> [RECORDED DATA]
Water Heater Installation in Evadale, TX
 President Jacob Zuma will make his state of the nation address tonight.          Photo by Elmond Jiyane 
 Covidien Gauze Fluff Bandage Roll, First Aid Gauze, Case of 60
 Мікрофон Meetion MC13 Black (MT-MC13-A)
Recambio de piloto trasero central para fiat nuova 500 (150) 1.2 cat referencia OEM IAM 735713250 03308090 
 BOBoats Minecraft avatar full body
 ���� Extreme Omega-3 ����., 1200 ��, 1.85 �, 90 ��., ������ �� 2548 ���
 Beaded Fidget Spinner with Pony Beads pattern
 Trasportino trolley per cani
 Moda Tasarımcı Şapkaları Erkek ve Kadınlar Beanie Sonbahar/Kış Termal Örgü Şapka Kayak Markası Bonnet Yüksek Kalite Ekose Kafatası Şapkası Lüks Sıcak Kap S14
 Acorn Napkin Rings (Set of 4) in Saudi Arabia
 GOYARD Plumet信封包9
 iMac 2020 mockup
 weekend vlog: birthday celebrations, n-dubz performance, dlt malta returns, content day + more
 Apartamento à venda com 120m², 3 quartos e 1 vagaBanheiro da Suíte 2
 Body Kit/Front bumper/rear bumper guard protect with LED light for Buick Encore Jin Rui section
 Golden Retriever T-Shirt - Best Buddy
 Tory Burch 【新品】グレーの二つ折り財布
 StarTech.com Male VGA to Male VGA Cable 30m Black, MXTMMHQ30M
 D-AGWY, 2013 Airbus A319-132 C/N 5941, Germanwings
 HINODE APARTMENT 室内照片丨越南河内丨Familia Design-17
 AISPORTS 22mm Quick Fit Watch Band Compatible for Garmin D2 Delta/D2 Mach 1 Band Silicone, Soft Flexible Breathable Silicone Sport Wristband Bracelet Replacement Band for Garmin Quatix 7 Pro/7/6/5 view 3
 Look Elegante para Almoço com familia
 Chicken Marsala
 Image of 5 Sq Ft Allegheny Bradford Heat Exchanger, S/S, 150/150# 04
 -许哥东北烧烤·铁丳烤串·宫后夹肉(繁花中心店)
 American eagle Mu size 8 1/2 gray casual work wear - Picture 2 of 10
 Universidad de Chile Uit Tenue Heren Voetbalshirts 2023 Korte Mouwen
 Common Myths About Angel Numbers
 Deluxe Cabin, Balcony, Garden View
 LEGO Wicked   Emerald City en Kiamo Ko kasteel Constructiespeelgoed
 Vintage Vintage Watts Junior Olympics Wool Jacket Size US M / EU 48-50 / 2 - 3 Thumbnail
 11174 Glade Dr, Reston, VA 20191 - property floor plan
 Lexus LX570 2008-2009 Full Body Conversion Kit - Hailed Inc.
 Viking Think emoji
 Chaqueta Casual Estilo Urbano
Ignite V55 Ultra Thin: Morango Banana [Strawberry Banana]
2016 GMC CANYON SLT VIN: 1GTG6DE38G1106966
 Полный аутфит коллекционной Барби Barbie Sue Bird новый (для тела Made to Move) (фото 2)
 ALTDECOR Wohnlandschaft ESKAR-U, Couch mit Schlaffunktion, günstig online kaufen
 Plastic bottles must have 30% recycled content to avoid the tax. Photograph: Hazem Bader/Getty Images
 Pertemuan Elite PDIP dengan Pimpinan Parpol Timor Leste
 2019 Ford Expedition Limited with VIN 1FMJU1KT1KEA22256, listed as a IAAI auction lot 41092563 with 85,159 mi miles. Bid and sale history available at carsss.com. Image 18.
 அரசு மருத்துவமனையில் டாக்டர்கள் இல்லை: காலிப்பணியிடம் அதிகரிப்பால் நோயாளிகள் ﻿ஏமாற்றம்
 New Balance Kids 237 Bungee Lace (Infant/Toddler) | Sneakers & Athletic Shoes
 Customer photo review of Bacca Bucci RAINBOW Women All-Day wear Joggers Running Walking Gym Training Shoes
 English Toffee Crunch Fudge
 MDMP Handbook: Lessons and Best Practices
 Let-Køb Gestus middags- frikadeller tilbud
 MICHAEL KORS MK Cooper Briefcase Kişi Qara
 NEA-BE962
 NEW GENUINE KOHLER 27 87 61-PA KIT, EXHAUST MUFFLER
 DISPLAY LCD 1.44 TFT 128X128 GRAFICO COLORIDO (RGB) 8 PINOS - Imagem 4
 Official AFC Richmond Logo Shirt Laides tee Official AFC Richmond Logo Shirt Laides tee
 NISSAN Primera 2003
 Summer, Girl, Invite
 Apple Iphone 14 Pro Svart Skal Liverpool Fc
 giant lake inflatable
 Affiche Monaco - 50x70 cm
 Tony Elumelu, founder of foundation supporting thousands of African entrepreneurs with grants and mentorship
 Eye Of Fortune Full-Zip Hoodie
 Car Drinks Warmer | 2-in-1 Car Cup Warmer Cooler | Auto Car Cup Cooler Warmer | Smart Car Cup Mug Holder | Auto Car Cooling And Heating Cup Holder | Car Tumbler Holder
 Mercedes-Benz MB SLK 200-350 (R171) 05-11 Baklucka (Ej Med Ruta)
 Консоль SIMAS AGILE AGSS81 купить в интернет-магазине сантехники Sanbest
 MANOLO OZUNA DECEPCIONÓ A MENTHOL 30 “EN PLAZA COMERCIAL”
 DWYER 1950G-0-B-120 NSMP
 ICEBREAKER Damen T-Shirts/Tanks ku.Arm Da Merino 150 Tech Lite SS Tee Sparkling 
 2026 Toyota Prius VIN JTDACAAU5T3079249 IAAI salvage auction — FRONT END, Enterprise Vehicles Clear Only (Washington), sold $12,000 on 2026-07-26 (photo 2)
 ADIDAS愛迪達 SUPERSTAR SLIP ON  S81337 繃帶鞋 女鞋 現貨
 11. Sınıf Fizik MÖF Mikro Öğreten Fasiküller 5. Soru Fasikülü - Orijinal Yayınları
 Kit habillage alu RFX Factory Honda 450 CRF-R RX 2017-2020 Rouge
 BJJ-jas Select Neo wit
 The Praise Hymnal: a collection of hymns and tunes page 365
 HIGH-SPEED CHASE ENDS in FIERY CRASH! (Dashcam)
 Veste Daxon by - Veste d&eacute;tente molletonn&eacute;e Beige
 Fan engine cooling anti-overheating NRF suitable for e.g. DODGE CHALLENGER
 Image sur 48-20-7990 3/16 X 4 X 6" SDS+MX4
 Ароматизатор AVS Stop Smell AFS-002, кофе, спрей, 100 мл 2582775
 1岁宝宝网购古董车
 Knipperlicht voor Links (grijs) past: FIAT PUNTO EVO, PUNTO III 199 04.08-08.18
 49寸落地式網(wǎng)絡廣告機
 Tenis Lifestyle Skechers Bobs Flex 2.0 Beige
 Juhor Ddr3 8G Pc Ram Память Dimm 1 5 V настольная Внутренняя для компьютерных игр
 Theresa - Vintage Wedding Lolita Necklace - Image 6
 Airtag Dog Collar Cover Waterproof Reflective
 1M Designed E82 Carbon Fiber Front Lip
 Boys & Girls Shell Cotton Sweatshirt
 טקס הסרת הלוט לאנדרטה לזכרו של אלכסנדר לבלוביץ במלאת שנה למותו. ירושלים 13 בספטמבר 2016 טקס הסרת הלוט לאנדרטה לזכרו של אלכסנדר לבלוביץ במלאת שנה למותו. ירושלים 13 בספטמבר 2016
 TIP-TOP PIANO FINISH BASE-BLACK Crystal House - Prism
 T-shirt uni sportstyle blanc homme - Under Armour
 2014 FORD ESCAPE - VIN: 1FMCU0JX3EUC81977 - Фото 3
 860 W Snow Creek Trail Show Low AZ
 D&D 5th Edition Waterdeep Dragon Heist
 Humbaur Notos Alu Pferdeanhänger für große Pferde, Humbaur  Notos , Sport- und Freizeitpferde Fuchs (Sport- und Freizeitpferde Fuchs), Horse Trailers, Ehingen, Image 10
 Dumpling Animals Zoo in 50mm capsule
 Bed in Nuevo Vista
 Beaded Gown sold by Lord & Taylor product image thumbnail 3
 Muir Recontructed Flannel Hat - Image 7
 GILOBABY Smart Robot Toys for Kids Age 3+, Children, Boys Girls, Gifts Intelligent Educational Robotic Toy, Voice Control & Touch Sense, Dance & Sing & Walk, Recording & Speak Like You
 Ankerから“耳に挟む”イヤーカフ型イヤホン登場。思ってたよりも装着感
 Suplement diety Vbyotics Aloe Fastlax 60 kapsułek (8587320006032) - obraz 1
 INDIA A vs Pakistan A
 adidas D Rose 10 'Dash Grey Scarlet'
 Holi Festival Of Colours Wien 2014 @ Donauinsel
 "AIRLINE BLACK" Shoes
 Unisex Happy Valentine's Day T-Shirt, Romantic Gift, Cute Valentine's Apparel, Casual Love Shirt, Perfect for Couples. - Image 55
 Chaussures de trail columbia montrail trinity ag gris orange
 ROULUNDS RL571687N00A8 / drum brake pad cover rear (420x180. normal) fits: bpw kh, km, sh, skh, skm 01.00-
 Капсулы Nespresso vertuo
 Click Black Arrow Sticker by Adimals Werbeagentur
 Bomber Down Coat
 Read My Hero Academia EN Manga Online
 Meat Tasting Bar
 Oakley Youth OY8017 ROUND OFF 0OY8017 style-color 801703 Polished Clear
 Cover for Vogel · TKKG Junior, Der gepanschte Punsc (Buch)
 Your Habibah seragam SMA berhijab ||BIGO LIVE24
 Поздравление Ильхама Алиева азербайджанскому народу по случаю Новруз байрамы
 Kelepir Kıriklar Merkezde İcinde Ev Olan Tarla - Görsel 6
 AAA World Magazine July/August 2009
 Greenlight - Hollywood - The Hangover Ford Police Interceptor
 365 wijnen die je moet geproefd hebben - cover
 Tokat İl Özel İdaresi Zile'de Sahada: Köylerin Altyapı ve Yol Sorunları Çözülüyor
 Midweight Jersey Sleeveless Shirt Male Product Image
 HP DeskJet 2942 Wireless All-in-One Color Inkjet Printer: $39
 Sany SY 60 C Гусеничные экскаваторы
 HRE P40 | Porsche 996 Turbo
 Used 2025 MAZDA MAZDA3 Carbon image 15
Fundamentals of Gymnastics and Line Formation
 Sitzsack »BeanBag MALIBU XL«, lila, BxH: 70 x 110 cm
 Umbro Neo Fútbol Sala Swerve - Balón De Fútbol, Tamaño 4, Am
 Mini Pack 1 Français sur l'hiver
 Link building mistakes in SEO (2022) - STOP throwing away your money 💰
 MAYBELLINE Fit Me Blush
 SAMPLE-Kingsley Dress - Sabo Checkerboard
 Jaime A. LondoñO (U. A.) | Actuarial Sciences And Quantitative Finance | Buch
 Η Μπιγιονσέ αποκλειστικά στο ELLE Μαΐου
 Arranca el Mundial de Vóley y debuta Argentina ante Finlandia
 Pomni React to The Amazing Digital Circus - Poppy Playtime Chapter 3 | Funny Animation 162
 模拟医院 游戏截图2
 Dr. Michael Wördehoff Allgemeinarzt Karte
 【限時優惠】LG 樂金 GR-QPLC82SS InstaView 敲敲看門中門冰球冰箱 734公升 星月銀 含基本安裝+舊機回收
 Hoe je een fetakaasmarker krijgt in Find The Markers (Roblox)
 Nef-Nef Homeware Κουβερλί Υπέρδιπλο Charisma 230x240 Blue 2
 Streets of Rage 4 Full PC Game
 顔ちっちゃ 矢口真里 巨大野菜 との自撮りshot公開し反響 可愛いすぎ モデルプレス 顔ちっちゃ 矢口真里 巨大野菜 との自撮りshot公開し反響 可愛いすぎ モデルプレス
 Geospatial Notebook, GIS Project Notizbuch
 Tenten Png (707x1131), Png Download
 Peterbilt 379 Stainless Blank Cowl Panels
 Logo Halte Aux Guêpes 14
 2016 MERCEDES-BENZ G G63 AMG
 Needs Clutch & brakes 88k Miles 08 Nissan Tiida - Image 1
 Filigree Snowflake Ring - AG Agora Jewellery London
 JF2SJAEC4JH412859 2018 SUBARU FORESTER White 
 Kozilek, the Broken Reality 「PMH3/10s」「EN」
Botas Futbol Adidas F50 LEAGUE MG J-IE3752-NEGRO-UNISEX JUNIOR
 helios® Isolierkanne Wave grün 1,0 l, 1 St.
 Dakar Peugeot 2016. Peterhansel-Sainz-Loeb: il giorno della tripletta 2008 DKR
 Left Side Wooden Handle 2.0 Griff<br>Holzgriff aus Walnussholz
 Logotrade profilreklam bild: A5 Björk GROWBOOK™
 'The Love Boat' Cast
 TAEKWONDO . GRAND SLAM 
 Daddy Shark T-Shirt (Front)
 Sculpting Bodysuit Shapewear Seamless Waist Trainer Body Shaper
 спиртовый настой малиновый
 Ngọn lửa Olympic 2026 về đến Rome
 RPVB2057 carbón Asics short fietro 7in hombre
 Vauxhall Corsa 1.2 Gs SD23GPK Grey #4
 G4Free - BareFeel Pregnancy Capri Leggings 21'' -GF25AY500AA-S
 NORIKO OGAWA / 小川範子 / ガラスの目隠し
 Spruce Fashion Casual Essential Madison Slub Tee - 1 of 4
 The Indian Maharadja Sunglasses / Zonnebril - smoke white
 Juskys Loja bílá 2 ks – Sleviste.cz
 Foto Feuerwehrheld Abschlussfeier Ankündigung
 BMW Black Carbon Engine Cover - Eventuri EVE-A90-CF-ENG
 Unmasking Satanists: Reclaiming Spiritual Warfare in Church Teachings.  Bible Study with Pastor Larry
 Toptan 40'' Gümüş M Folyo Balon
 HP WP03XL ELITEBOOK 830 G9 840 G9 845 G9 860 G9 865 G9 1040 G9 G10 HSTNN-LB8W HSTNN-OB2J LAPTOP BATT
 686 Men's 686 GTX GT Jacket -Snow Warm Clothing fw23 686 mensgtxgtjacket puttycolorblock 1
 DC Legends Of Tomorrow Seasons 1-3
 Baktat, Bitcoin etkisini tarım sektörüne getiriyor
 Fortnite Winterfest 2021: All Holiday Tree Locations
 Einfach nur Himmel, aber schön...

> [REQUIRED WORK] Once the line containing "90 ��., ������ �� 2548 ���" has been set down, nothing more is wanted; set down each line of the listing above up to it exactly, starting with the first.

> [REPLY TO THE EXERCISE]
Water Heater Installation in Evadale, TX
 President Jacob Zuma will make his state of the nation address tonight.          Photo by Elmond Jiyane 
 Covidien Gauze Fluff Bandage Roll, First Aid Gauze, Case of 60
 Мікрофон Meetion MC13 Black (MT-MC13-A)
Recambio de piloto trasero central para fiat nuova 500 (150) 1.2 cat referencia OEM IAM 735713250 03308090 
 BOBoats Minecraft avatar full body
 ���� Extreme Omega-3 ����., 1200 ��, 1.85 �, 90 ��., ������ �� 2548 ���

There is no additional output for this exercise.